Cheaper bandwidth or bust: How Google saved YouTube
YouTube, the Web's de-facto video service, is turning 10 this year. The site has become so indispensable that it feels like a basic part of the Internet itself rather than a service that lives on top of it. YouTube is just the place to put videos, and it's used by everyone from individuals to billion-dollar companies. It's obvious to say, but YouTube revolutionized Web video. It made video uploading and playback almost as easy as uploading a picture, handled all the bandwidth costs, and it allowed anyone to embed those videos onto other sites.
The scale of YouTube gets more breathtaking every year. It has a billion users in 61 languages, and 12 days of video are uploaded to the site every minute—that's almost 50 years of video every day. The site just continues growing. The number of hours watched on YouTube is up 50 percent from last year.

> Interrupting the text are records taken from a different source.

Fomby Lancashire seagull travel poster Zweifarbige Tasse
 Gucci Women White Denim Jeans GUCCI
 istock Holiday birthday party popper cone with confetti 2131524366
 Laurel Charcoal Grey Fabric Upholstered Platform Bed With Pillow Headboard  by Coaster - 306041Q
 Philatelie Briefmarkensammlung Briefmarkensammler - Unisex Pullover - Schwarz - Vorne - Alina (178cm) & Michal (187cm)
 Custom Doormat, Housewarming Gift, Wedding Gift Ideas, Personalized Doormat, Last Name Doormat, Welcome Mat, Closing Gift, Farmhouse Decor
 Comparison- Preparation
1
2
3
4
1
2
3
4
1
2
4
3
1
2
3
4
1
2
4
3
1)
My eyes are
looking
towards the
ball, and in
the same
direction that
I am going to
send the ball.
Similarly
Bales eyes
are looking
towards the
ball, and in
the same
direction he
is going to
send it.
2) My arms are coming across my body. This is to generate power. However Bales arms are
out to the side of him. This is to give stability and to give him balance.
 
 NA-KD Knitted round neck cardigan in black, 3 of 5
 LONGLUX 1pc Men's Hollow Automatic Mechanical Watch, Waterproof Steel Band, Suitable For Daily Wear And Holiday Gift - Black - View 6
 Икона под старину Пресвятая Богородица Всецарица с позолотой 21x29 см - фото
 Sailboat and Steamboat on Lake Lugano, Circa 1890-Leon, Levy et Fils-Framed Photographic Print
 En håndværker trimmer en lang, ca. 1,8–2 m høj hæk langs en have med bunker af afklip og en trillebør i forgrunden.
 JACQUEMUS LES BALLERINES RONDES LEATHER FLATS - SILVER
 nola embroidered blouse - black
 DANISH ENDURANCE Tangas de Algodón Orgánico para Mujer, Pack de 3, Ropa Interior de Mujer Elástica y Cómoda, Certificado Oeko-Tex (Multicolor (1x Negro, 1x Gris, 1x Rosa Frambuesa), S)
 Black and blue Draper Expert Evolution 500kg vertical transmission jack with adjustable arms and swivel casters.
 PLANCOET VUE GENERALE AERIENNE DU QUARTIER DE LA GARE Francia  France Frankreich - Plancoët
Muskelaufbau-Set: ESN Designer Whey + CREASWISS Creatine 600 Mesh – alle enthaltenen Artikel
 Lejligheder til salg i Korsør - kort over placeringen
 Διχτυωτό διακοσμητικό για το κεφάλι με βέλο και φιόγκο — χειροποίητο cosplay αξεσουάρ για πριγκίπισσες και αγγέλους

It's easy to forget YouTube almost didn't make it. Survival for the site was a near-constant battle in the early days. The company not only fought the bandwidth monster, but it faced an army of lawyers from various media companies that all wanted to shut the video service down. But thanks to cash backing from Google, the site was able to fend off the lawyers. And by staying at the forefront of Web and server technology, YouTube managed to serve videos to the entire Internet without being bankrupted by bandwidth bills.